E. Méthode d’évaluation
[184] En ce qui concerne les méthodes utilisées pour évaluer la personne nommée, l’intimé a examiné le CV de cette dernière, a mené deux entrevues pour évaluer si elle répondait aux qualifications essentielles, au critère relatif aux atouts et à l’adéquation globale avec l’équipe, puis a envoyé sa recommandation à un organe de surveillance de haut niveau qui a examiné la recommandation faite par le gestionnaire responsable de l’embauche. Une évaluation narrative de l’énoncé des critères de mérite a été fournie, composée des notes pour chaque qualification et du critère relatif aux atouts. En outre, le gestionnaire responsable de l’embauche a fourni au CGE une justification qui n’était pas superficielle. Il a notamment expliqué comment l’expérience et les connaissances combinées de la personne nommée profiteraient à la DGIIT au sein du ministère et au rôle de l’équipe de gestion des fournisseurs, qui gagne progressivement en maturité.

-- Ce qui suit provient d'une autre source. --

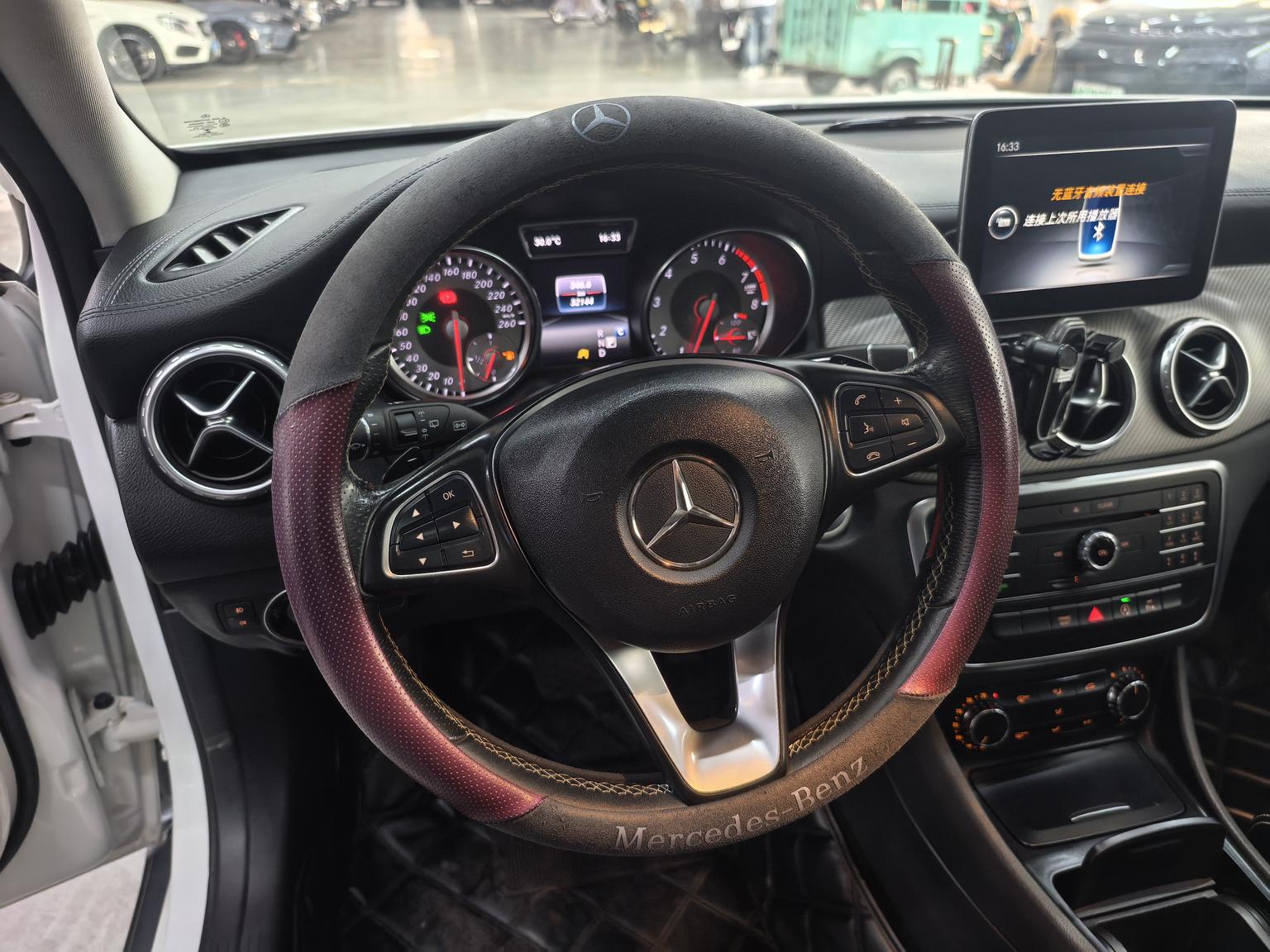 Mercedes-Benz GLA 2016 GLA 200 Fashion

[185] Par conséquent, j’estime que les méthodes utilisées ont permis d’évaluer efficacement les qualifications. La présente affaire est très différente de Rochon, où l’ancien Tribunal avait déterminé que l’outil d’évaluation utilisé ne permettait pas d’évaluer deux des qualifications essentielles et où une note globale avait été utilisée pour évaluer deux qualifications essentielles, au lieu d’évaluer chacune d’entre elles individuellement. En l’espèce, le gestionnaire responsable de l’embauche a fourni une évaluation narrative qui démontre clairement que chaque qualification essentielle applicable et chaque critère d’atout ont été évalués et qui était accompagnée d’une explication précise sur la manière dont les connaissances et l’expérience de la personne nommée en matière d’approvisionnement, de gestion des fournisseurs et de négociation profiteraient à la DGIIT au sein du ministère.
[186] Par conséquent, compte tenu de tous les éléments de preuve dont je dispose, j’estime que le plaignant n’a pas établi que l’intimé a abusé de son pouvoir dans l’application du principe du mérite.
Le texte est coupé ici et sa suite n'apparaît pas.